▶ **Data for the task**:
=-=-=
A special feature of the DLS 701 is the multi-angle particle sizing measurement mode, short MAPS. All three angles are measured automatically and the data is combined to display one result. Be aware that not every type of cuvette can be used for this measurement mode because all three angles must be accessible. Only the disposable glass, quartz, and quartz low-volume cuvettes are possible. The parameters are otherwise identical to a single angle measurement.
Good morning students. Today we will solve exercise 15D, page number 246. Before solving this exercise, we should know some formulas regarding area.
=-=-=
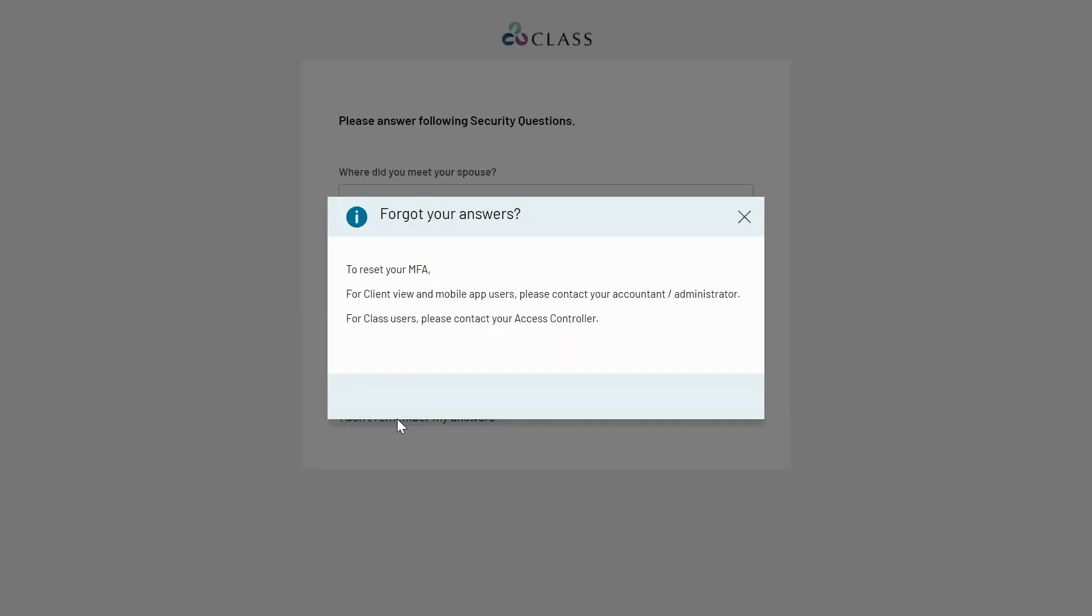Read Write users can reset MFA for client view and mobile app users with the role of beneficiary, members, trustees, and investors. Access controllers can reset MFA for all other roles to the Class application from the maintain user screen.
=-=-=
All that is wanted is a faithful reproduction of the line above with "A special feature", the line with "Good morning students.", and every line in between.

▶ **Exercise response**:
A special feature of the DLS 701 is the multi-angle particle sizing measurement mode, short MAPS. All three angles are measured automatically and the data is combined to display one result. Be aware that not every type of cuvette can be used for this measurement mode because all three angles must be accessible. Only the disposable glass, quartz, and quartz low-volume cuvettes are possible. The parameters are otherwise identical to a single angle measurement.
Good morning students. Today we will solve exercise 15D, page number 246. Before solving this exercise, we should know some formulas regarding area.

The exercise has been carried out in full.